Proper measurement of the eye is key to predicting lens strength.
Accurate measurements of the eye are critical to predicting the lens power, explains Julie Schallhorn, MD, MS.
Reviewed by Julie Schallhorn, MD, MS
Knowledge of the optics of the eye is essential in order to have an understanding of biometry, according to Julie Schallhorn, MD, MS, an associate professor of ophthalmology at the University of California San Francisco, who oﬀered some insight on the topic for new ophthalmologists.
“Most of the refraction of light that is entering the eye takes place at the air–tear ﬁlm interface, and there also is slight divergence at the back corneal surface–aqueous interface, after which refraction occurs through the lens. At [that] point the light then converges onto the fovea,” she explained.
It is clear based on this movement of light that what happens at the various surfaces in the eye is important for determining the power of the lens that will be implanted in the eye. The corneal curvature, anterior chamber depth, eﬀective lens position, and axial length must all be considered, Schallhorn pointed out.

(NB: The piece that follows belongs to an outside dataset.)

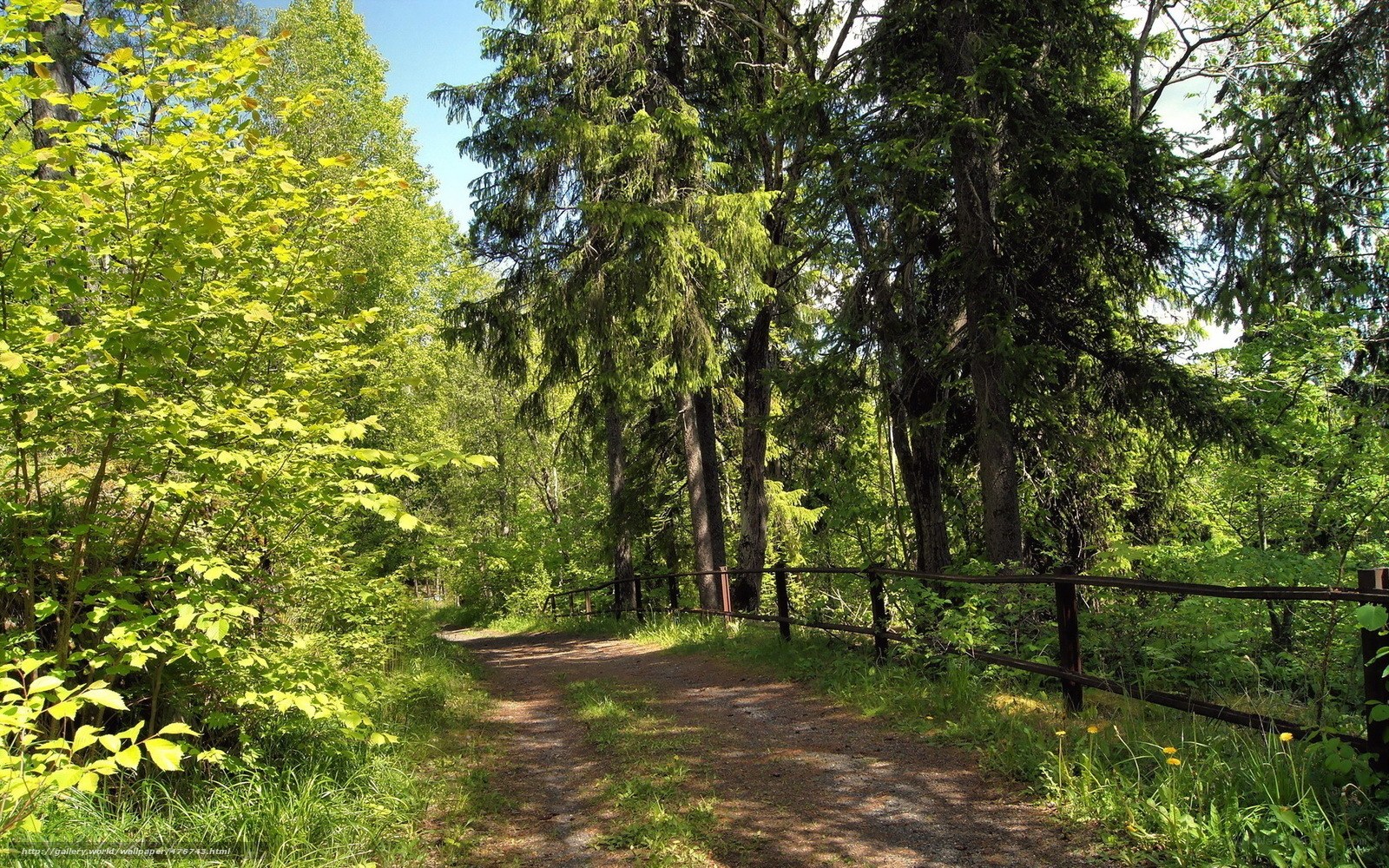 Forest path with wooden fence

“Accurate measurements of the eye are critical to predicting the lens power,” she said.
Understanding the power
The ﬁrst-generation formula used to determine lens power was the Sanders-Retzlaﬀ-Kraﬀ, generally referred to as the SRK formula. In this formula, the IOL power is equal to a constant that compensates for all unmeasured factors minus 2.5 times the axial length minus 0.9 times the keratometry.
Schallhorn explained that if there is an error in the measurement of the axial length, there will be a big error in the power of the IOL, resulting in an ampliﬁcation of the error by 2.5 times. Likewise, an error in the keratometry results in an error in the IOL power, as does an error in the A constant.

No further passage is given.